Meine Nervosität kam zu meinem begrenzten finanziellen Spielraum noch erschwerend hinzu: Welches Männerspielzeug für Sex war also schnell greif- und für mich bezahlbar? Dass man(n) mit bestimmten Toys ganz neue Lustpunkte an sich entdecken konnte, war mir noch nicht bekannt, also orientierte ich mich in den (vermeintlich) beliebtesten Bereichen des Ladens.
Wahrscheinlich waren es echte Klassiker, die ich schließlich auf die Ladentheke des rauchenden Cowboys legte: Ein Cockring aus Metall, eine kleine Packung Kondome mit Aroma und ein BDSM-Pornoheft mit
Transfrauen in Latex und Leder wanderten schließlich in die Plastiktüte und wurden mein Einstieg in die Welt der Erotik-Accessoires.
Wo und wie benutzt man die Sexartikel eigentlich?
Auch diese Frage braucht eine Antwort, wenn man, so wie ich damals, noch im Hause der Eltern lebt. Außerdem war ich mir nicht sicher, ob ich meine damalige Freundin mit dem Einkauf womöglich geschockt hätte – auf die Idee, mit ihr gemeinsam erotisch shoppen zu gehen, wäre ich zu dieser Zeit ganz sicher nicht gekommen. Immerhin hatte ich aber den Mut, sie mit den
Aroma-Gummis zu überraschen und erlebte einen Blowjob der besonders geschmackvollen Art.
Die ersten Erfahrungen mit dem Penisring machte ich allerdings ganz alleine: Mit etwas Hautcreme machte ich ihn geschmeidig, dann glitt er fast von selbst bis hinter meine Hoden. Hier tat er sofort seine Wirkung und sorgte dank Blutstau für ein extrem steifes Glied. Wie gut, dass ich auch das Pornomagazin griffbereit hatte, um hemmungslos zu masturbieren.

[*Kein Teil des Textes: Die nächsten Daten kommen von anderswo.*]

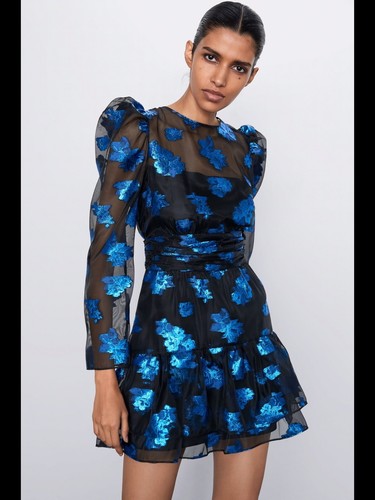 Zara Organza Floral Metallic Dress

Übrigens: Die Kondome habe ich natürlich recht schnell verbraucht. Was aus dem Transenporno geworden ist, weiß ich nicht. Vielleicht lagert er sogar noch in einem Karton im Keller, denn mittlerweile schaue ich
Pornos online. Den Cockring verwahre ich nach wie vor in meiner Sexspielzeug-Schublade. Majo kennt ihn und seine Wirkung aus eigener Erfahrung – die einige Girls und auch manch ein Kerl bereits vor ihr gemacht hat. Qualität mag bei Sexspielzeug damals kein zentrales Thema gewesen sein, doch mit dem
Penisring aus Edelstahl habe ich definitiv einen guten Griff gemacht. Ein Auge für die Wertigkeit gehört deshalb auch im Rückblick zu meinen wichtigsten Tipps für Toy-Einsteiger.